Watch: Shell targets electric car charging network through ubitricity deal

Shell has bought the UK’s largest public electric vehicle charge-point owner as it positions itself for a shift away from fossil fuel engines.

The FTSE 100 oil and gas producer is paying an undisclosed sum for Ubitricity, founded in Berlin, Germany, which now has more than 2,700 charge points in the UK, more than 13pc of the market.

Ubitricity installs charge points into street furniture such as lamp posts and bollards, so people can charge when they are away from home or do not have a driveway where they can charge overnight.

It is the latest in a series of investments Shell has made in charging points, having bought European charging network New Motion in 2017.

A vehicle is seen charging at an Ubitricity on-street electric vehicle charging point in London
A vehicle is seen charging at an Ubitricity on-street electric vehicle charging point in London

Shell now also has 1,000 charging points installed at about 430 of its retail sites, and has stepped into household power supply with its purchase of First Utility.

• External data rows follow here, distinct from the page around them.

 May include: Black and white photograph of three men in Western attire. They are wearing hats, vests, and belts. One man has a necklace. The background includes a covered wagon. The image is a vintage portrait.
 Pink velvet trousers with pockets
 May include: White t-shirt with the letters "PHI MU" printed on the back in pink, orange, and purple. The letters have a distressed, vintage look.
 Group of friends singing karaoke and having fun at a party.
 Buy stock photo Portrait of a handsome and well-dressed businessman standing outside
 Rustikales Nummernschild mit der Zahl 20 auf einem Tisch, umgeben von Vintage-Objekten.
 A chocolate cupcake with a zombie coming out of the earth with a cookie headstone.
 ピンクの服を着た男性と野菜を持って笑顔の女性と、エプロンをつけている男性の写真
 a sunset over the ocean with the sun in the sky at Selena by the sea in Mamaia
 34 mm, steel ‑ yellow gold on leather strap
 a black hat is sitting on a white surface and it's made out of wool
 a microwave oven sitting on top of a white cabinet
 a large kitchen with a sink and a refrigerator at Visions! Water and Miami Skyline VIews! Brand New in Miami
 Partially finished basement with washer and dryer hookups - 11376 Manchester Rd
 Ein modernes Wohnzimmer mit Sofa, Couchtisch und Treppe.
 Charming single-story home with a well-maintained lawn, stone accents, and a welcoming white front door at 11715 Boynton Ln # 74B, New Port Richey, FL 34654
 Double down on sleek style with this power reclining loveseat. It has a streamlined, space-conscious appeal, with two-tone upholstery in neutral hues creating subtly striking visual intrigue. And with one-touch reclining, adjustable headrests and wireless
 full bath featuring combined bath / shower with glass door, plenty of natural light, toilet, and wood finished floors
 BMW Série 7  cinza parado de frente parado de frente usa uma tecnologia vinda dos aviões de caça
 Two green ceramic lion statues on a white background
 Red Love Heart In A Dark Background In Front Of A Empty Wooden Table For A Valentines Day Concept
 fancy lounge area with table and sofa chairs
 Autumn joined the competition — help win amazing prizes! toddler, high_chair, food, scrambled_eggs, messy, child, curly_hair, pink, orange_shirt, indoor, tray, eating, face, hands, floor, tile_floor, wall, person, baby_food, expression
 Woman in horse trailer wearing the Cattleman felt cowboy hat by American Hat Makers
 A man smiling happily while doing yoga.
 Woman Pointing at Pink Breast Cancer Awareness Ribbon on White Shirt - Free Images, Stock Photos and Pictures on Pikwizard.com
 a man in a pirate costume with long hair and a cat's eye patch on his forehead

Sales of new pure combustion engine vehicles are to be banned in the UK from 2030, and there is a major push to develop the infrastructure needed to cope with the rise in electric cars.

István Kapitány, executive vice president of Shell Global Mobility, said: "We want to support the growing number of Shell customers who want to switch to an EV by making it as convenient as possible for them.

"On-street options such as the lamp post charging offered by Ubitricity will be key for those who live and work in cities or have limited access to off-street parking.”

Markets Hub - Royal Dutch Shell PLC
Markets Hub - Royal Dutch Shell PLC

Lex Hartman, Ubitricity’s chief executive, said its equipment made "charging easy and accessible for everyone who needs it".

Like other oil majors, Shell is grappling with how to adapt to societies' efforts to cut reliance on fossil fuels.

It is investing in wind power, hydrogen, carbon capture and other low carbon technologies, but is under pressure from some investors and campaigners to go further.

Ben van Beurden, chief executive, will give more details on the company's strategy in February.